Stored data

◇ ◇ ◇ ◇ ◇

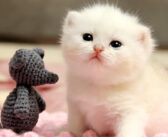 目が開いたばかりの幼い子猫。優しいお母さんに見守られながら、ヨチヨチと歩く練習をする姿が可愛すぎる ( *´艸｀)♡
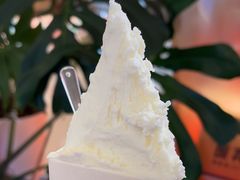 -野人先生现做冰淇淋(北京王府井东方新天地店)
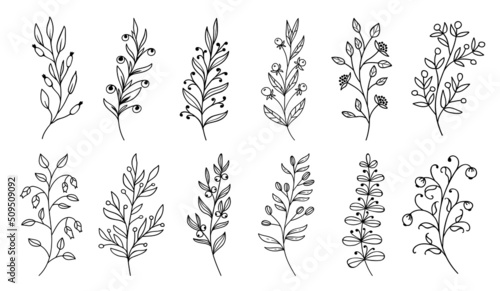 Outline twigs and sprigs with berries  leaf plants and flowers  vector doodle leaves. Twig sprigs or plant branches in sketch line  black and white floral and forest berry pattern in contour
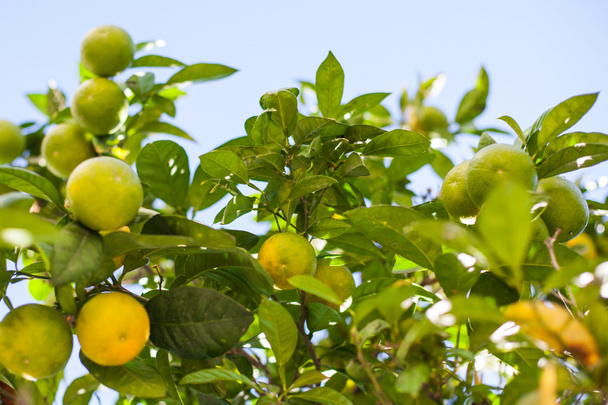 green and orange mandarins on tree branches  - Fotografie, Obrázek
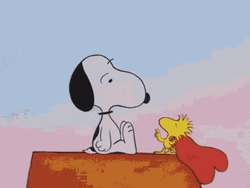 Love Snoopy Woodstock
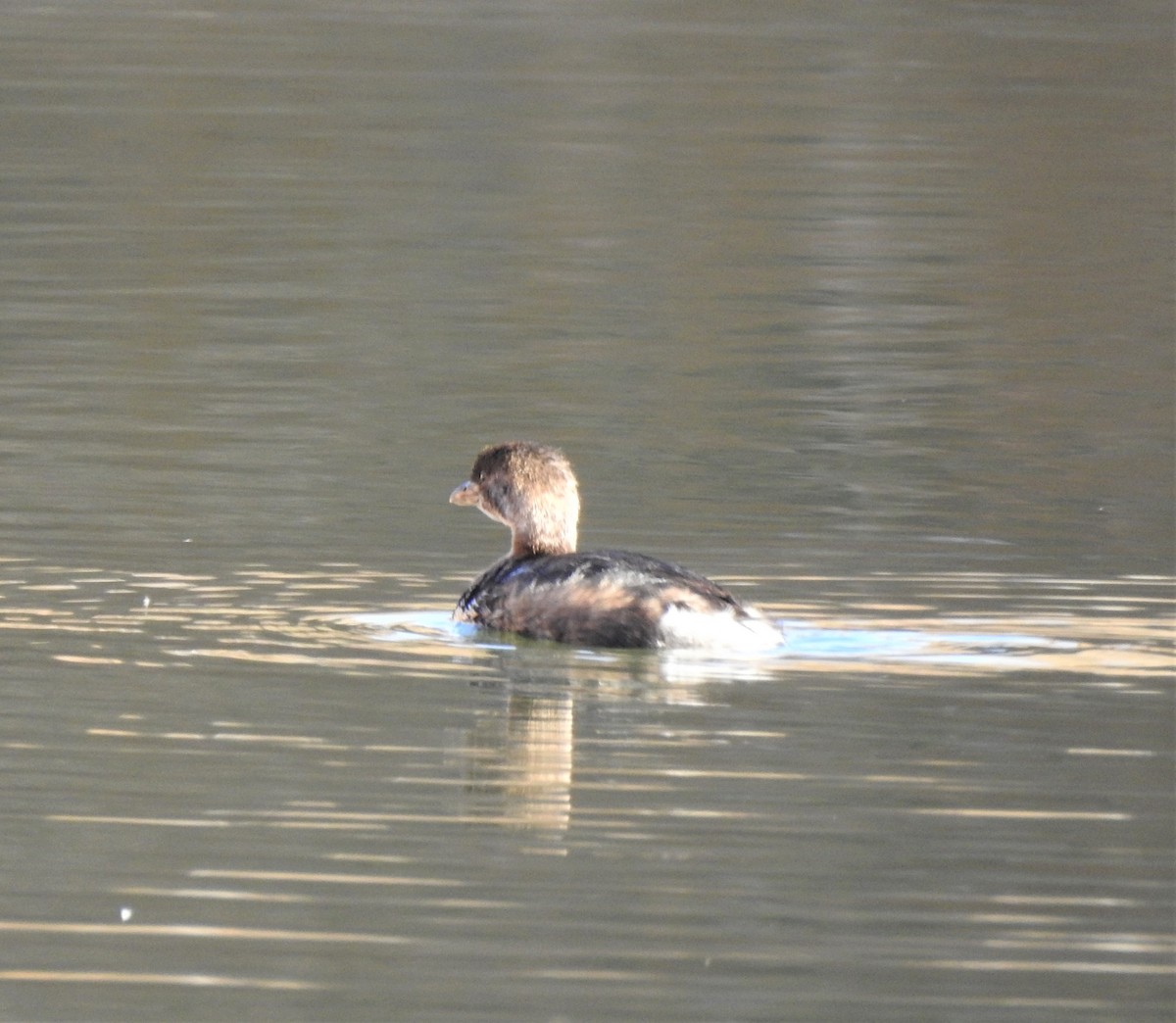 Pied-billed Grebe - ML361729691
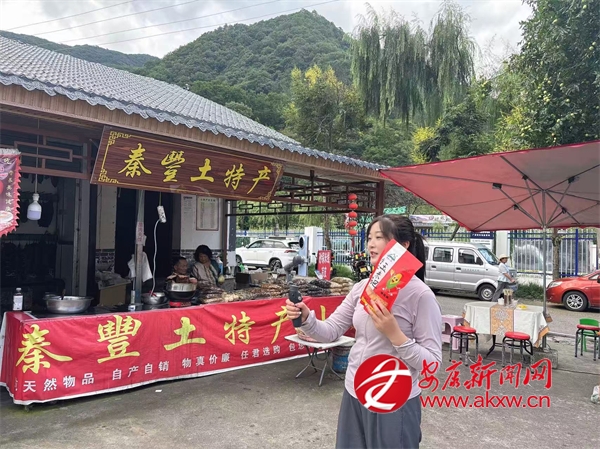 邢波:看“網(wǎng)紅書記”如何“玩轉(zhuǎn)”直播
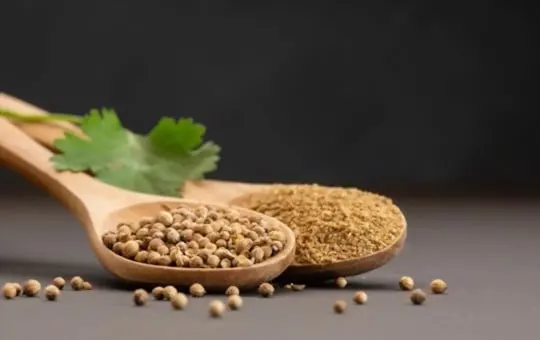 coriander seeds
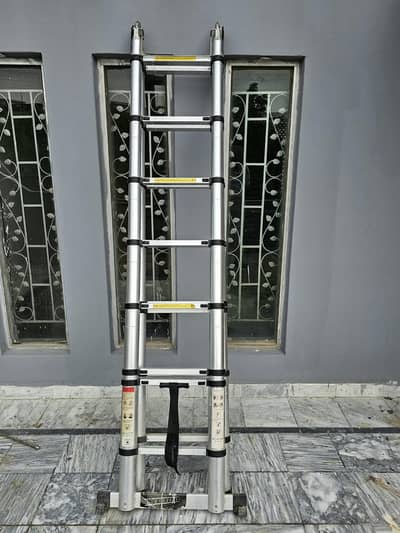 Stainless Steal Imported Ladder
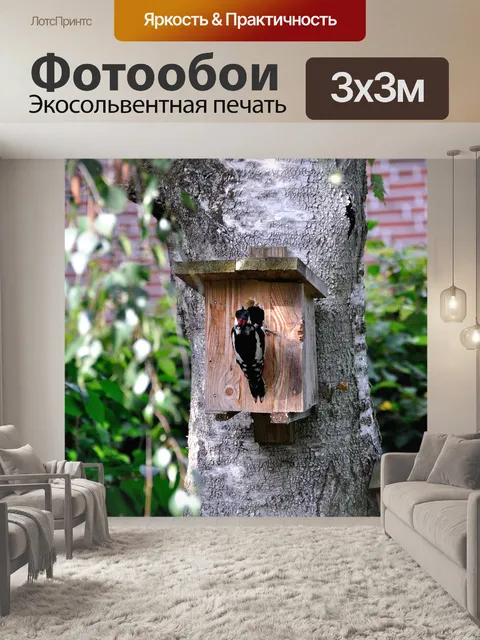 Фотообои Дятел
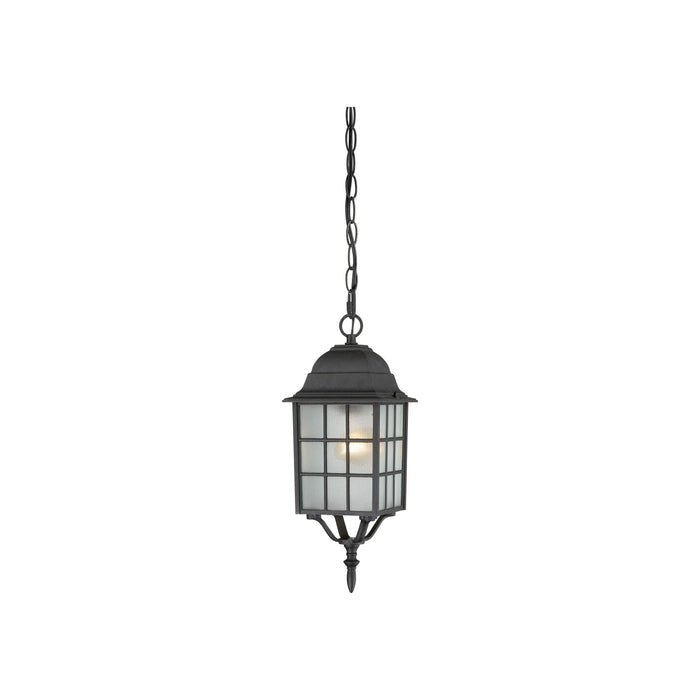 Adams One Light Hanging Lantern in Textured Black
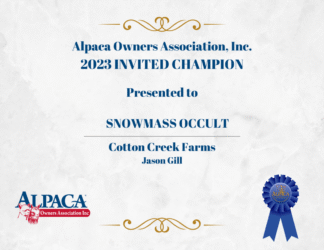 Occult 2023 Invited Champion Occult 2023 Invited Champion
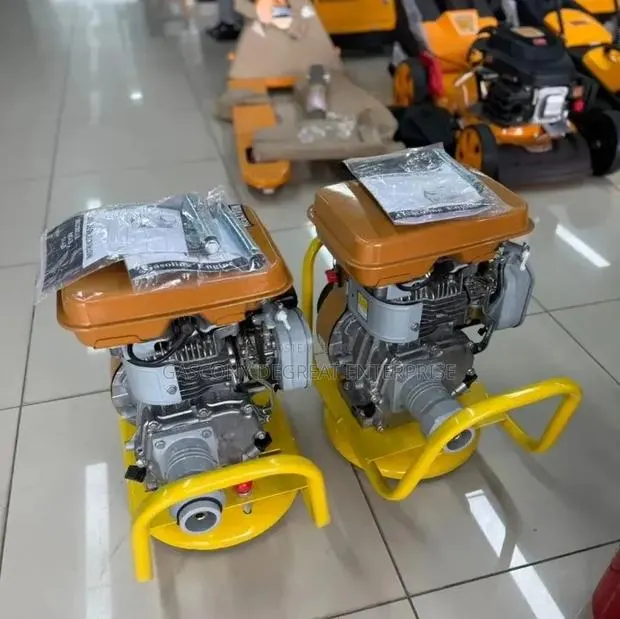 Concrete Poker Vibrator Robin Engine 5.5hp · Photo 3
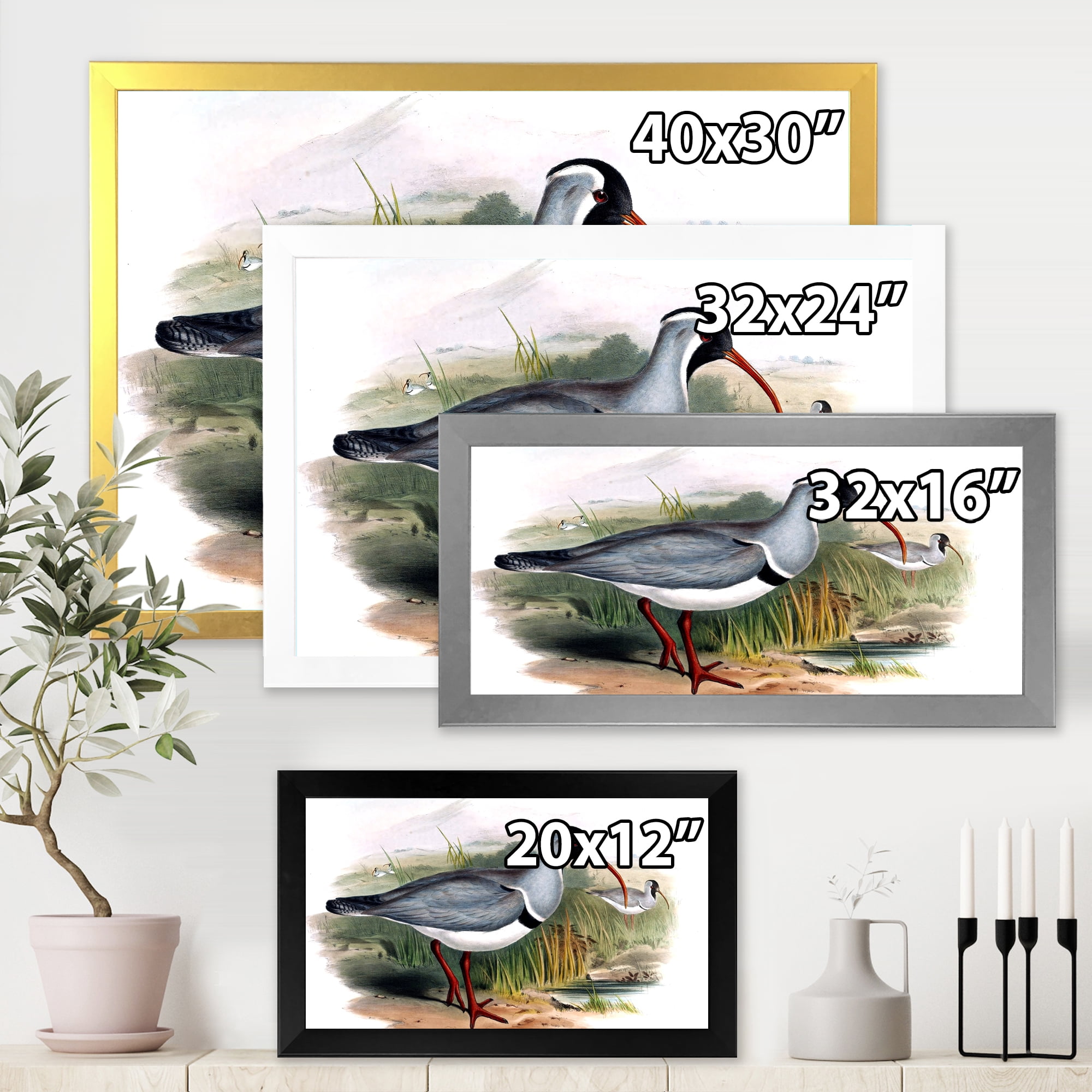 Designart 'Vintage Countryside Birds In Wild' Farmhouse Framed Art Print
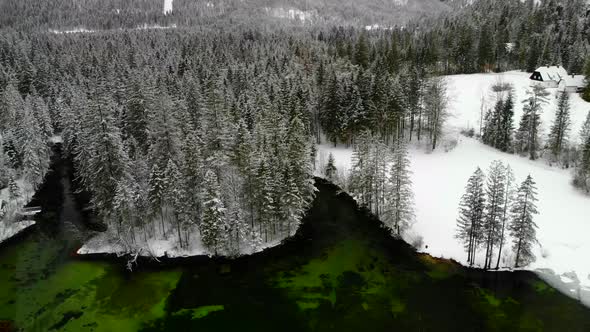 Beautiful view on an Lake with Forest in Schiederweiher in Upper Austria Drone Video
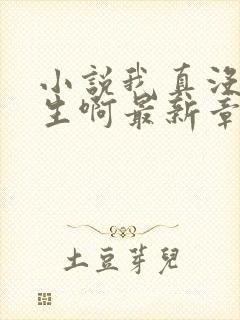 小说我真没想重生啊最新章节列表封面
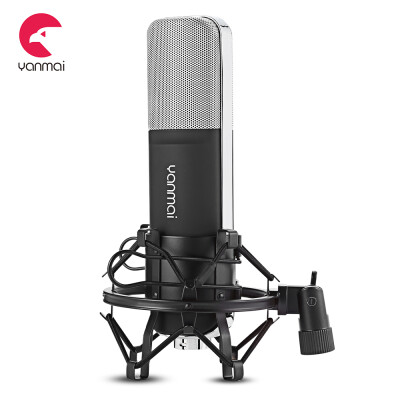 

Yanmai Q8 Professional Condenser Microphone Cardioid with Shock Mount for Recording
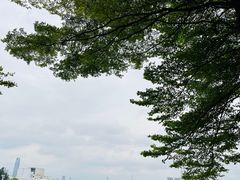 -广州国际生物岛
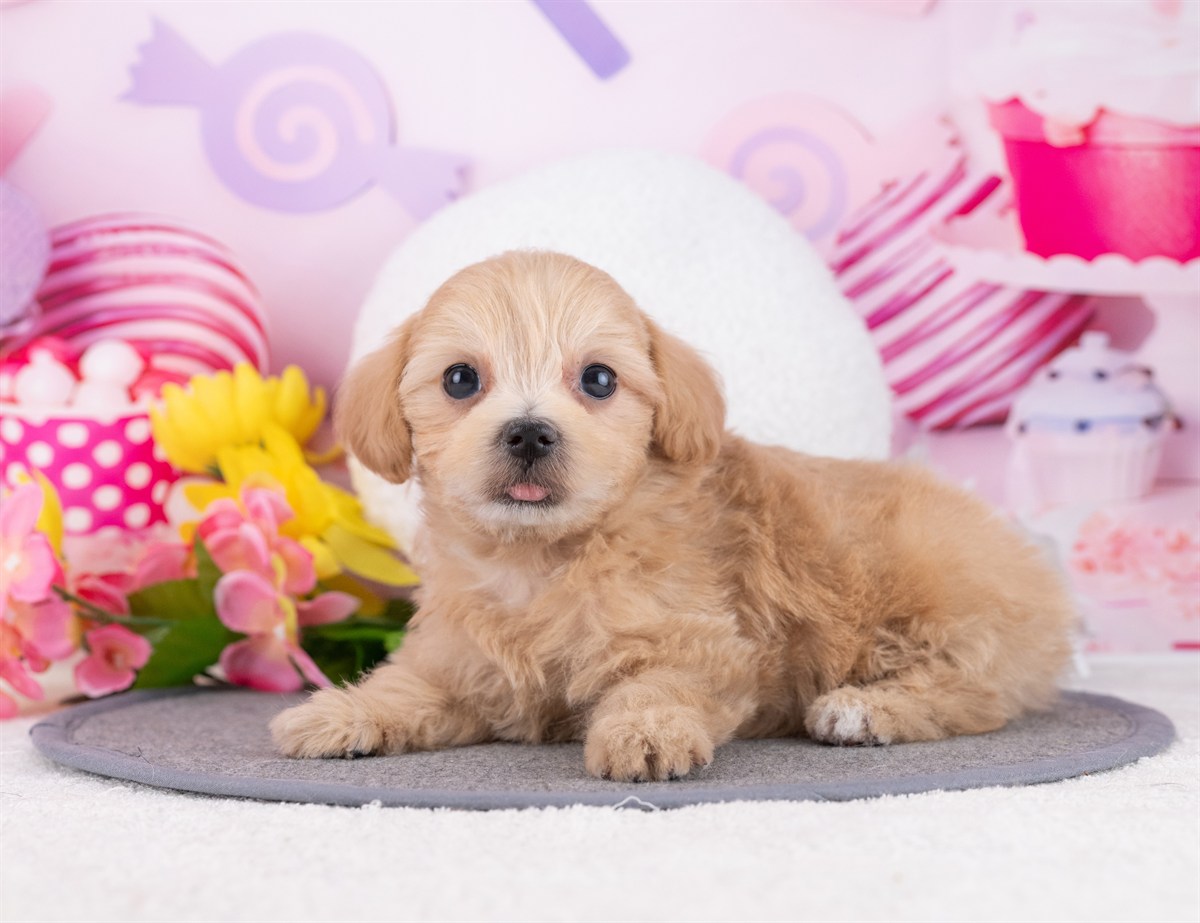 マルプー | 女の子 | アプリコット | 2025年12月19日（ID:dog-4000621）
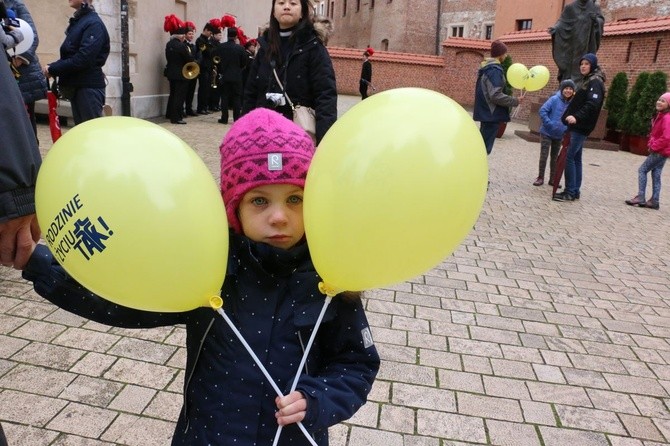 II Małopolski Marsz "Rodzinie i Życiu Tak!"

◇ ◇ ◇ ◇ ◇

→ Assignment: Once you find the line that contains "coriander seeds", reproduce it and every line after it through the end of the entries above, exactly as written, with no pictures.

→ Task output:
 coriander seeds
 Stainless Steal Imported Ladder
 Фотообои Дятел
 Adams One Light Hanging Lantern in Textured Black
 Occult 2023 Invited Champion Occult 2023 Invited Champion
 Concrete Poker Vibrator Robin Engine 5.5hp · Photo 3
 Designart 'Vintage Countryside Birds In Wild' Farmhouse Framed Art Print
 Beautiful view on an Lake with Forest in Schiederweiher in Upper Austria Drone Video
 小说我真没想重生啊最新章节列表封面

Yanmai Q8 Professional Condenser Microphone Cardioid with Shock Mount for Recording
 -广州国际生物岛
 マルプー | 女の子 | アプリコット | 2025年12月19日（ID:dog-4000621）
 II Małopolski Marsz "Rodzinie i Życiu Tak!"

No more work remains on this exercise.